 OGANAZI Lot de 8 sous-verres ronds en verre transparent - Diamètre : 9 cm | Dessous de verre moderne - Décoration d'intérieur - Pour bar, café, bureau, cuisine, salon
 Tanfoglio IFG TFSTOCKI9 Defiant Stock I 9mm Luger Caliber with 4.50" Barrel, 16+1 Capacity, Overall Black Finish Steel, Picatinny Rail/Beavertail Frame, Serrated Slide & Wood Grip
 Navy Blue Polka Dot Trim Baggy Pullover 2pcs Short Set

### Directions for this task
Copy every line above exactly.

### Answer section
 OGANAZI Lot de 8 sous-verres ronds en verre transparent - Diamètre : 9 cm | Dessous de verre moderne - Décoration d'intérieur - Pour bar, café, bureau, cuisine, salon
 Tanfoglio IFG TFSTOCKI9 Defiant Stock I 9mm Luger Caliber with 4.50" Barrel, 16+1 Capacity, Overall Black Finish Steel, Picatinny Rail/Beavertail Frame, Serrated Slide & Wood Grip
 Navy Blue Polka Dot Trim Baggy Pullover 2pcs Short Set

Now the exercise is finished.